I am trying to download files from the NSE India website (nseindia.com). The problem is that webmaster does not like scraping programs downloading files or reading pages from the website. They have a user agent based restriction it seems.
The file I am trying to download is http://www.nseindia.com/archives/equities/bhavcopy/pr/PR280815.zip
I am able to download this from the linux shell using
curl -v -A "Mozilla" http://www.nseindia.com/archives/equities/bhavcopy/pr/PR280815.zip
The output is this
About to connect() to www.nseindia.com port 80 (#0) * Trying 115.112.4.12... % Total % Received % Xferd Average Speed Time Time Time Current Dload Upload Total Spent Left Speed 0 0 0 0 0 0 0 0 --:--:-- --:--:-- --:--:-- 0connected
GET /archives/equities/bhavcopy/pr/PR280815.zip HTTP/1.1 User-Agent: Mozilla Host: www.nseindia.com Accept: / < HTTP/1.1 200 OK < Server: Oracle-iPlanet-Web-Server/7.0 < Content-Length: 374691 < X-frame-options: SAMEORIGIN < Last-Modified: Fri, 28 Aug 2015 12:20:02 GMT < ETag: "5b7a3-55e051f2" < Accept-Ranges: bytes < Content-Type: application/zip < Date: Sat, 29 Aug 2015 17:56:05 GMT < Connection: keep-alive < { [data not shown] PK 5 365k 5 19977 0 0 34013 0 0:00:11 --:--:-- 0:00:11 56592
This allows me to the download the file.
The code I am using in R Curl is this
library("RCurl")
jurl <- "http://www.nseindia.com/archives/equities/bhavcopy/pr/PR280815.zip"
juseragent <- "Mozilla"
myOpts = curlOptions(verbose = TRUE, header = TRUE, useragent = juseragent)
jfile <- getURL(jurl,.opts=myOpts)
This, too, does not work.
I have also unsuccessfully tried using download.file from the base library with the user agent changed.
Any help will be appreciated.
First, your problem is not setting the user agent, but downloading binary data.

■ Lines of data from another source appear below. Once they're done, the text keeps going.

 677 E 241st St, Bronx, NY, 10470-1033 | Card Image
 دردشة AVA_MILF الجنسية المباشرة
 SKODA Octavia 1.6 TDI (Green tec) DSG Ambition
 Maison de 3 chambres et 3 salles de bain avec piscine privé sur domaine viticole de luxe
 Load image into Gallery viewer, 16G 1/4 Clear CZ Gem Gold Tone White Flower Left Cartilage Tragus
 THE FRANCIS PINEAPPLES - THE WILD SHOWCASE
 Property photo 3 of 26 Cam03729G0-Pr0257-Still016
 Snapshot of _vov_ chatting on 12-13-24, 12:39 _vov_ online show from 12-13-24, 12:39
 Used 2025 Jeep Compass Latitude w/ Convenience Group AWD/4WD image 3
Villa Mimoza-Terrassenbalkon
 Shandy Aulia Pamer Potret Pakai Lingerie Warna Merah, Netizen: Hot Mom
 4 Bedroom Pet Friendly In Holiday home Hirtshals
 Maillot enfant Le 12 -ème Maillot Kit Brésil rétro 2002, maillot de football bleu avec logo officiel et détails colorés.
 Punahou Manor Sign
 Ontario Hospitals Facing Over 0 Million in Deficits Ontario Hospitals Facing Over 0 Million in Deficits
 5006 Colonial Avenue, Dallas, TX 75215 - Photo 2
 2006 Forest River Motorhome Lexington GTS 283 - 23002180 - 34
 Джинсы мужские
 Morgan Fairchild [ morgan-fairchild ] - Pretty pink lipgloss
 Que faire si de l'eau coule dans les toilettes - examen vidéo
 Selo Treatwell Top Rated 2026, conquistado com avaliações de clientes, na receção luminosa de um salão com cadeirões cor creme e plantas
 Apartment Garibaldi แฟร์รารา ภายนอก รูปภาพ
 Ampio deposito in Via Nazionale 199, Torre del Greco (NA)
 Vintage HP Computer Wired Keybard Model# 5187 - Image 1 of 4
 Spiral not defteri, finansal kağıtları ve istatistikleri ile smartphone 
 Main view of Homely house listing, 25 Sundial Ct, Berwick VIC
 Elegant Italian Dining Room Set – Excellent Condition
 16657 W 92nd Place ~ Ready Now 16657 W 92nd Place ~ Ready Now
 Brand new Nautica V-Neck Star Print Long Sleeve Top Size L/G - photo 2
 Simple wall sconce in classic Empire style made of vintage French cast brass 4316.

This works:
jfile <- getURLContent(jurl, .opts=myOpts, binary=TRUE)
Here is a (more) complete example using httr
instead of RCurl
.
library(httr)
url <- "http://www.nseindia.com/archives/equities/bhavcopy/pr/PR280815.zip"
response <- GET(url, user_agent("Mozilla"))
response$status # 200 OK
# [1] 200
tf <- tempfile()
writeBin(content(response, "raw"), tf) # write response content (the zip file) to a temporary file
files <- unzip(tf, exdir=tempdir()) # unzips to system temp directory and returns a vector of file names
df.lst <- lapply(files[grepl("\\.csv$",files)],read.csv) # convert .csv files to list of data.frames
head(df.lst[[2]])
# SYMBOL SERIES SECURITY HIGH.LOW INDEX.FLAG
# 1 AGRODUTCH EQ AGRO DUTCH INDUSTRIES LTD H NA
# 2 ALLSEC EQ ALLSEC TECHNOLOGIES LTD H NA
# 3 ALPA BE ALPA LABORATORIES LTD H NA
# 4 AMTL EQ ADV METERING TECH LTD H NA
# 5 ANIKINDS BE ANIK INDUSTRIES LTD H NA
# 6 ARSHIYA EQ ARSHIYA LIMITED H NA